CF 1475B - New Year's Number

CF 1475B - New Year's Number

Rating: 900
Tags: brute force, dp, math
Solve time: 3m 41s
Verified: yes

Solution

Problem Understanding

We are given a number $n$, and we want to know whether it can be built by adding together some number of 2020s and some number of 2021s.

If we choose $a$ copies of 2020 and $b$ copies of 2021, then the resulting value is

$$2020a + 2021b$$

The task is simply to determine whether there exist non-negative integers $a$ and $b$ that produce the given $n$.

The input contains up to $10^4$ test cases. Each value of $n$ is at most $10^6$. Since there can be many test cases, we want an algorithm that is essentially constant time per query. An approach that performs only a few arithmetic operations for each test case is ideal.
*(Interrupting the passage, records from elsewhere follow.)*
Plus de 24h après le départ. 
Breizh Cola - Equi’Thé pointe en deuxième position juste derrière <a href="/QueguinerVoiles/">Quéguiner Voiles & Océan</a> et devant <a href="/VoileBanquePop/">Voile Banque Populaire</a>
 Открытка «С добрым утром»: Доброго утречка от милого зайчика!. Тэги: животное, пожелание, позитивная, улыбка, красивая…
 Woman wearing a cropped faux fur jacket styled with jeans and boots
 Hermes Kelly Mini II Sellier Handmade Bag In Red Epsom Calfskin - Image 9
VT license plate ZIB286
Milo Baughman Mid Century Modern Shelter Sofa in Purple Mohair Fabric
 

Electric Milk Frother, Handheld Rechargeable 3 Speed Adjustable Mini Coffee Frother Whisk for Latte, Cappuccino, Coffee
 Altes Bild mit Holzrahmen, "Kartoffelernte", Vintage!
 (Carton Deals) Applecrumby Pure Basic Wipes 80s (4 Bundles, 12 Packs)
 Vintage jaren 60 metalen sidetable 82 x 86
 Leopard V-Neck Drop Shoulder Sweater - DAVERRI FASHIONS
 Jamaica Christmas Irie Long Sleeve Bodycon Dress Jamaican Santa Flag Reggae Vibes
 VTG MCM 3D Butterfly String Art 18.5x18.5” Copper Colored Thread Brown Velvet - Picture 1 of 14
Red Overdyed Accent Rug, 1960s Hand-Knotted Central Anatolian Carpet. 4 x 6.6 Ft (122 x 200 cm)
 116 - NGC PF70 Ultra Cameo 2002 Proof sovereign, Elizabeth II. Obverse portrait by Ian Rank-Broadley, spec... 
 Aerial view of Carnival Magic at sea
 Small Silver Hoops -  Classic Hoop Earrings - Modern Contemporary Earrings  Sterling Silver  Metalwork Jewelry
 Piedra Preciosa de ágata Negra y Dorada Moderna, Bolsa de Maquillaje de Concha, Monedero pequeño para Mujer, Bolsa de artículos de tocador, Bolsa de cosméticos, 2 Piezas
A few edge cases are easy to miss.

Consider:

1
2020

The correct answer is:

YES

because one copy of 2020 is allowed. A solution that mistakenly requires both numbers to appear at least once would fail.

Consider:

1
2019

The correct answer is:

NO

because every usable number is at least 2020. Any positive combination must be at least 2020.

Consider:

1
2021

The correct answer is:

YES

because a single 2021 is valid.

A more subtle case is:

1
4040

The correct answer is:

YES

since $4040 = 2020 + 2020$. A careless solution that only checks divisibility by 2021 would incorrectly reject it.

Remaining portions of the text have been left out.